Energy Modeling Tools
The study looks at and compares three different approaches and energy modeling tools and protocols.
- The MFHR program uses the Quick Energy Simulation Tool (eQuest) in combination with ASHARE 90.1 Appendix G Performance Rating Method as the modeling tool and protocol
- WUFI® Passive is used by the Passive House Institute US (PHIUS) to model performance
- The Passive House Planning Package (PHPP) is used by the Passivhaus Institute (PHI)
Note: There neither was nor is an expectation that the three different methods would yield equal energy usage estimates because each protocol has different assumptions for operating conditions.
The Base Case and Packages A-C have prescriptive envelope and mechanical systems, but some assumptions such as occupancy, residential plug loads and residential lighting patterns vary based on the different modeling protocols from each organization. As shown in Figure 1 below, the difference in results between protocols is substantial.
For example, the PHI protocol estimate for source energy usage is nearly half of the Appendix G cases. This discrepancy stems directly from the PHI assumptions for residential plug loads and lighting.
Figure 1: Annual Source Energy by end use and Protocol (Using EPA Portfolio Manager Site-to-Source Conversions)
The NYSERDA report explicitly calls out the plug loads category. First, while acknowledging that some difference in plug load assumptions were to be expected, the report finds the size of the difference troublesome, suggesting that the PHI assumptions are overly optimistic and warrant review.
From the report:
Variations in this category [plug loads] are expected due to differences in the protocols’ assumptions, but the magnitude of the difference appears excessive, and warrants further investigation. Aside from affecting the total electricity consumption, plug loads interact with heating and cooling and significantly impact the total energy use of high-performance buildings.

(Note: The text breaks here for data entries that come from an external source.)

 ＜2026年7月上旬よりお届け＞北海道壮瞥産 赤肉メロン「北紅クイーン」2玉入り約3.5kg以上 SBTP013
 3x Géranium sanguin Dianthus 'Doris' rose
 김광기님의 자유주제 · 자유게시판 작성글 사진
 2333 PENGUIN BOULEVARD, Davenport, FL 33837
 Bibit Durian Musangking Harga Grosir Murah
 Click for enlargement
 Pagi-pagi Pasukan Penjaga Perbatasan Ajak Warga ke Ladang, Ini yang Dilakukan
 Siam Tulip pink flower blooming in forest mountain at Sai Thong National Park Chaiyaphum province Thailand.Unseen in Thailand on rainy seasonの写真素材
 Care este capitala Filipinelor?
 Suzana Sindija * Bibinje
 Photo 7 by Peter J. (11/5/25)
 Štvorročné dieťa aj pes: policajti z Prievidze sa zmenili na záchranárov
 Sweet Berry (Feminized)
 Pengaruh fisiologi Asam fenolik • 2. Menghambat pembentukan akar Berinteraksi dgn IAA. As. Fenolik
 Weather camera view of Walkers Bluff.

The report summarizes that:
PHI defaults for in-unit lighting and appliances energy use are significantly more optimistic than presented in references such as Building America and COMNET, which contributes to a much lower EUI projected by the protocol for equivalent design. It is recommended that PHI review those default assumptions made regarding multifamily buildings in the U.S.
Packages D-F designs include changes to envelope and mechanical systems by PHIUS and PHI to comply with their respective standards. The proposed design changes by PHIUS and the PHI for these cases are translated into eQuest to investigate the associated energy savings/difference that eQuest registers. There are some exclusions to these proposed changes that are left out of the eQuest model. For example: Both the PHIUS and PHI models incorporate interior blinds to incorporate passive cooling, but Appendix G protocol does not allow manual controls to contribute towards savings.

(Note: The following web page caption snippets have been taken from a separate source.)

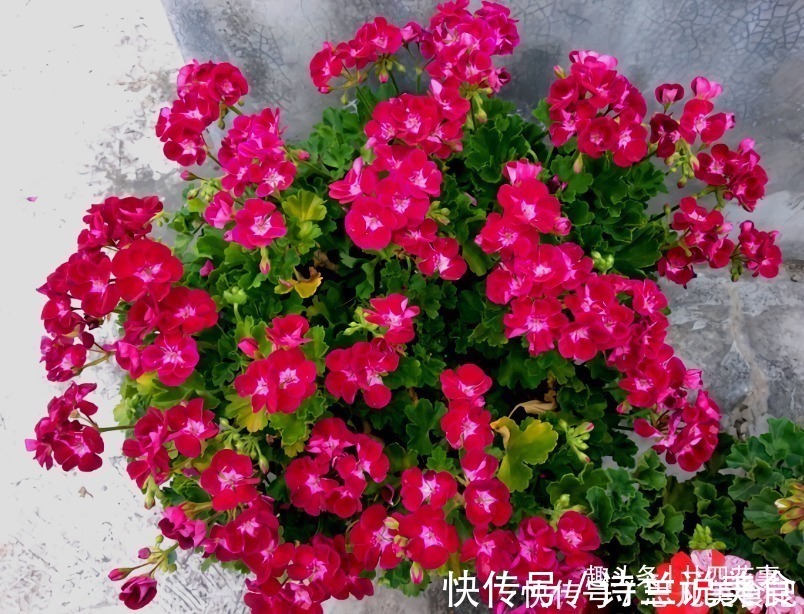 大花球|6种花,长高就“变丑”,株型低矮才“漂亮”,要舍得剪!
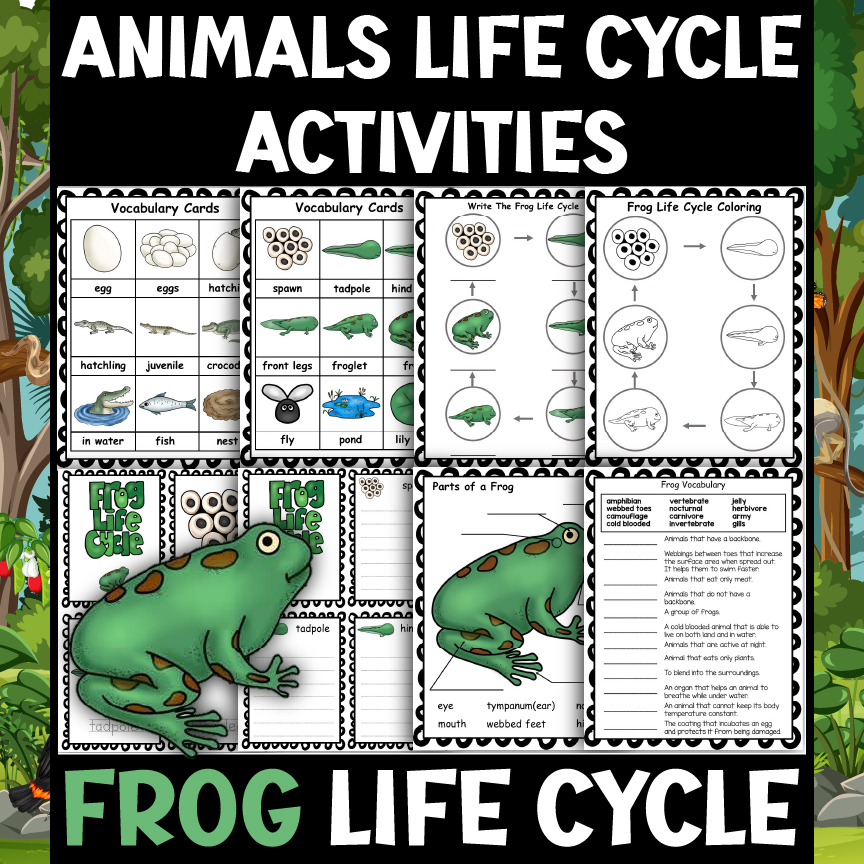 Frog Color. Sort Frog Life Cycle Worksheets - Coloring, Sorting, Vocabulary, Tracing and ...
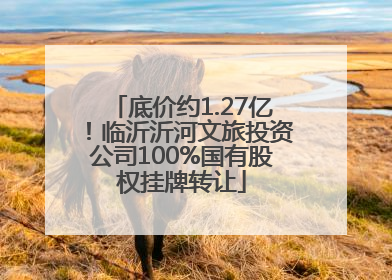 底价约1.27亿！临沂沂河文旅投资公司100%国有股权挂牌转让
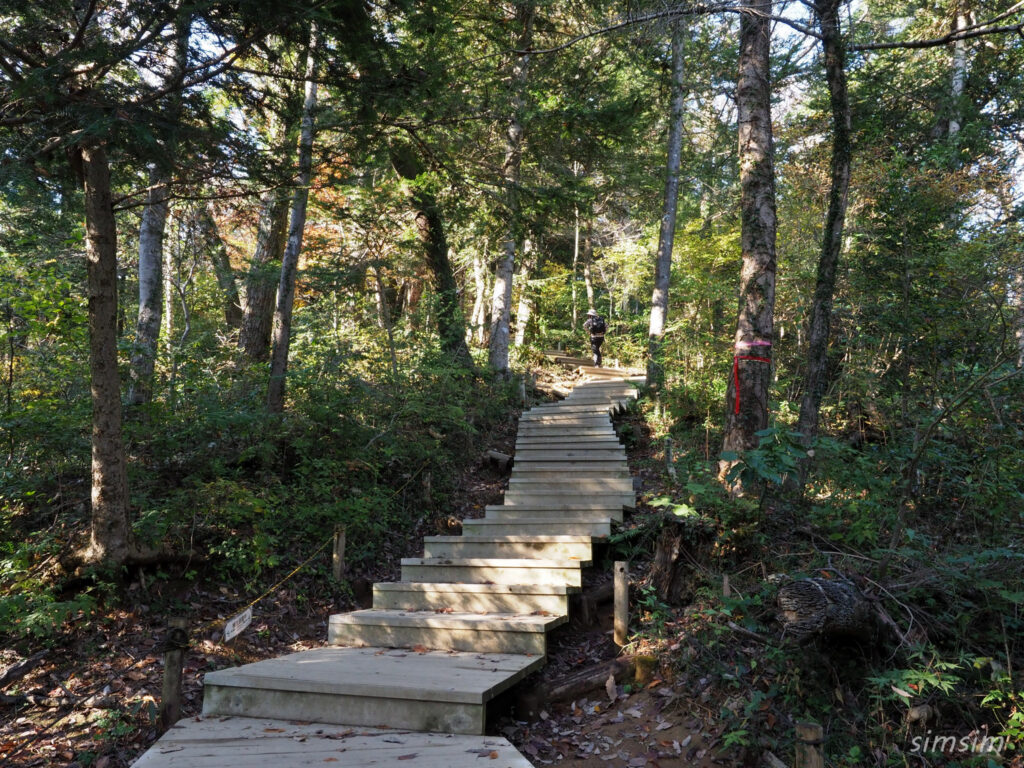 高尾山　紅葉登山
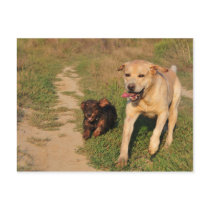 Sprint Fun Labrador and Dachhund Postcard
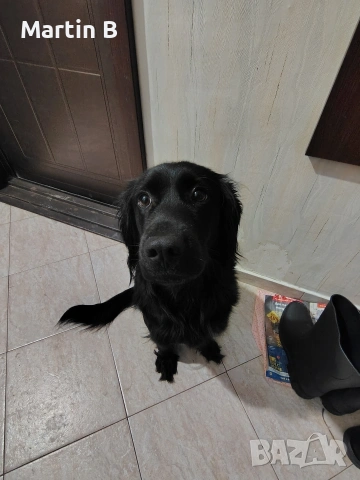 Подарявам женско куче на 1 година и 3 месеца, снимка 2 - Други - 53136565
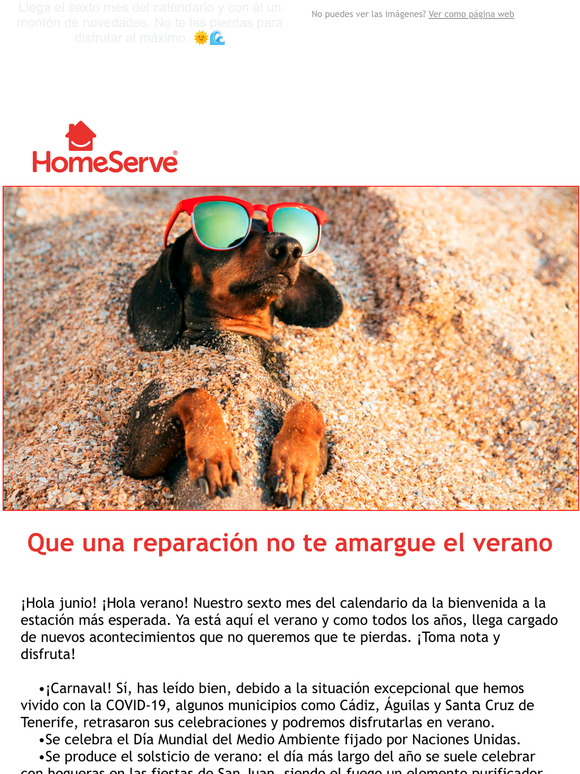 ¡Qué nada te amargue el verano! 🌻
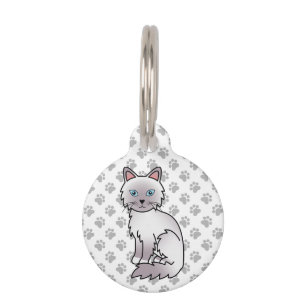 Lilac Point Birman / Ragdoll Katze & Haustier-Info Haustiermarke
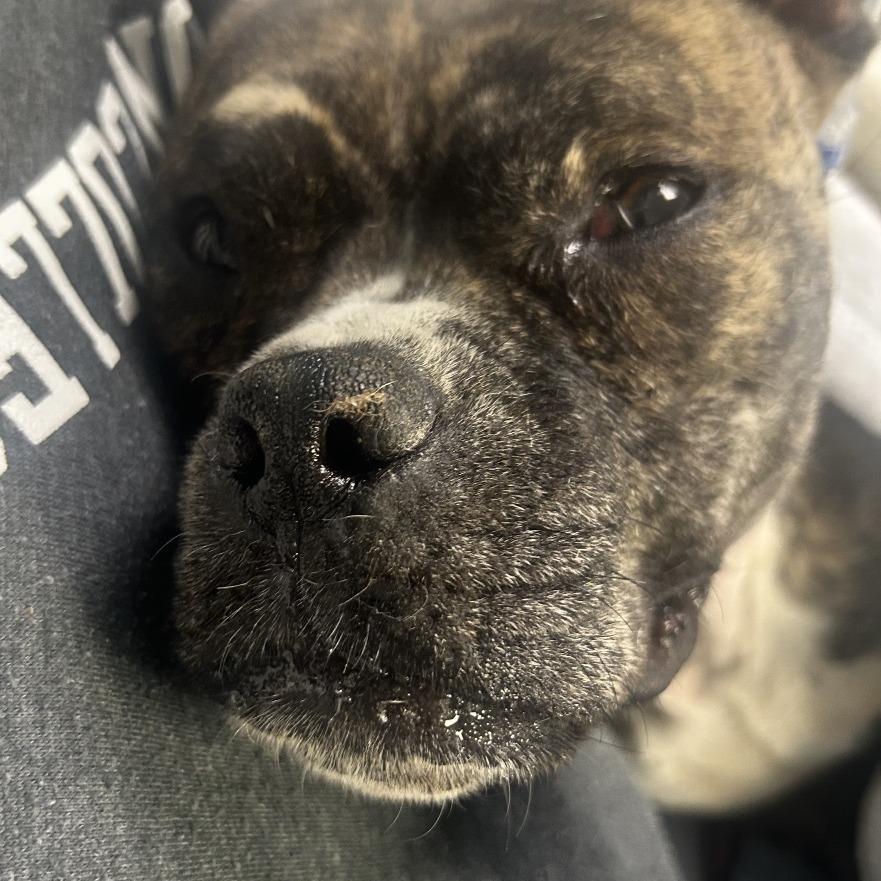 Enlarge Parrisa, a Adoptable Boxer in West Chester, PA image 4/6
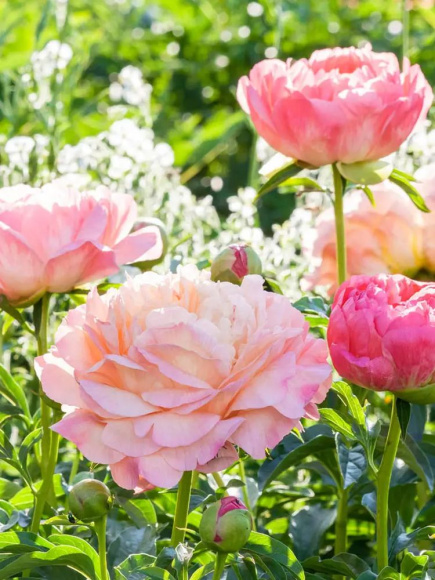 Пион Корал Сансет (Coral Sunset) купить с доставкой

The difference in Source Energy by End Use between PHIUS and PHI improvements as modeled in eQuest are minimal as shown in Figure 2 below. However, the difference in envelope assumptions are not (particularly windows and airtightness) as shown in Figure 3.
The PHIUS Package (D) uses windows with overall U-value of ~0.28 Btu/hr.sf.F and an airtightness limit following the PHIUS protocol of 0.05 cfm/sf @50Pa. The equivalent infiltration at natural wind pressure is 0.017 ACH. The PHI Package (F) uses windows with overall U-value of 0.15 Btu/hr.sf.F and an airtightness limit following the PHI protocol of 0.6 ACH @50Pa. The equivalent infiltration at wind pressure is 0.05 ACH. The difference in required window U-value between these two models has significant cost implications in that the PHIUS modeled window performance could be met with high performing double-pane windows, while the PHI modeled window performance could only be met with triple-pane windows.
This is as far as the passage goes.